Research Your Options: When considering schools, it makes sense to do your ‘homework’ – but where do you begin? Understanding the “assignment” and treating it just like a research project is a great approach.
Develop your Objectives: What are the key values or attributes that are important to you in choosing a school; whether it’s Pre-school, Kindergarten, or Elementary? Do you understand the different teaching philosophies that are unique to each school? Putting together a list of your values and touring schools with a prepared list of questions is a great place to start.
Don’t be shy, ASK! Be sure to include several schools in your research; just like in the scientific method, your results are only as good as your data – so be thorough with your observations, and consider multiple sources.
- In addition to a personal tour, what do others in the community have to say? Does their environment match what they portray online and in their brochures?

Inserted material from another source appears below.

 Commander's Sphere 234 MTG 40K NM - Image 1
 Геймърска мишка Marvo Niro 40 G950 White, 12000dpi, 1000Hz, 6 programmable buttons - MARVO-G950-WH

- What is their policy on homework, recess, grading/evaluations, testing, discipline?
- Do they actively incorporate social and/or cultural traditions that are important to you?
- What level of parent involvement is expected/welcomed?
- Is their academic curriculum traditional or more cutting edge/experiential? How do they approach technology?
Compare and Evaluate: Now that you’ve learned firsthand about the choices you have, you will have a pile of literature – and likely a good amount of “gut feelings.” Bring together your information and compare it to your objectives. A good old-fashioned “pros and cons” list is an easy way to quickly identify where each school aligns with your values. Now that you’ve done your homework, the answer is easy!